If we really wanted to tax vehicles based on the wear and tear they put on the roads, then we wouldn't tax cars at all, we would only tax trucks.  But the 'problem' is everyone including passenger vehicles benefit from the roads and use the roads.  So the passenger vehicles should have to pay for something, especially to help build new roads.  In my opinion, each vehicle (other than big trucks) should pay the same registration fee and there shouldn't be a use tax.  Everyone benefits from the entire system of roads.  But at the same time it only makes sense to have a little bit of a use tax as certain people benefit more from using the road system more.  The easiest way to do that is a fuel tax or a per mile tax.  I don't think its right for hybrid/electric cars to get a special tax because they use less fuel, based on this logic all fuel efficientvehicles should have a special tax.  If a state is going to have a special tax, I think they really should just do tax per mile on a yearly basis for all vehicles.


----------



## begreen (Jul 1, 2013)

Problem with the tax per mile is that some vehicles do a lot of out of state travel. It would hit the snowbirds traveling back and forth from NY to Florida harder for example.


----------



## PapaDave (Jul 1, 2013)

As far as the road damage thing goes, drive your personal vehicle on a patch of dirt road or gravel drive or asphalt.
Then, invite a semi to drive on the same surface. Wait for a nice rainy day, or after a decent rain.
Your answer is in the result.
Any vehicle using the roads should be taxed in some way to help pay for the road and it's maintenance. Hybrids/electrics don't pay as much as a gas/diesel vehicle, but may drive as much or more.
Tax per mile wouldn't only be tougher on snowbirds.......folks who drive from metro Detroit to my neck of the woods for recreation might also pay more, just as they do now.
Should we have to pay fuel tax for lawn mower use.....chainsaw.....tractor, or any other device or vehicle that never sees or uses a road? I think not.
I don't have an answer to the question of how to tax road use, but lots of questions come up when the discussion starts.


----------



## btuser (Jul 2, 2013)

Taxed per mile and paid every year when you register/inspect you car.  Some of the money would get kicked upstairs to pay for interstates and whatnot.  As far as out-of-state travel states would have to eat it, but it's in essence people bringing business/money into the state so other than a few extra in-coming toll roads I don't see it being a problem.  People are gonna flip when it costs $2k to register a car.  

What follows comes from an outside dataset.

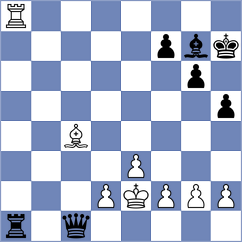 Pastar - Eynullayev (Chess.com INT, 2021)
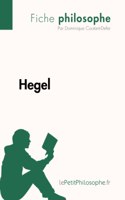 Hegel (Fiche philosophe)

I'm not going to let them put a meter in my car to let them know where I've been.  Already got cell phone for that.


----------



## Grisu (Jul 2, 2013)

I know I am asking for some beating but I would suggest: Increase the gasoline tax to offset the decline in revenue and push more people to buy fuel efficient cars. Do it in steps until most people drive high-mpg cars, but revenue stays the same. Advantages: Less pollution, less consumption of non-renewable fuels, less money going out of the country to buy oil (net import oil in 2012: 2.7 billion barrels; at $90 per barrel = $243 billion in "exported" dollar; US trade deficit 2012: $540 billion; that means oil imports are responsible for 45% of the trade deficit).


----------



## begreen (Jul 2, 2013)

They will do more than flip. It already costs $2450 just in sales tax to buy a $25K car in the Seattle area. The last time the excise tax on car sales was even moderately high ($600 on a $30K car) a voter initiative killed the excise tax and left the entire transportation structure floundering (it still is in a world of hurt). Personally I would love to end the initiative process all together in this state. It is nothing but mindless populism. Most of the time folks don't even know what they are asking for or the consequences if the initiative passes.


----------



## Seasoned Oak (Jul 2, 2013)

Grisu said:


> I know I am asking for some beating but I would suggest: Increase the gasoline tax to offset the decline in revenue and push more people to buy fuel efficient cars. Do it in steps until most people drive high-mpg cars, but revenue stays the same. Advantages: Less pollution, less consumption of non-renewable fuels, less money going out of the country to buy oil (net import oil in 2012: 2.7 billion barrels; at $90 per barrel = $243 billion in "exported" dollar; US trade deficit 2012: $540 billion; that means oil imports are responsible for 45% of the trade deficit).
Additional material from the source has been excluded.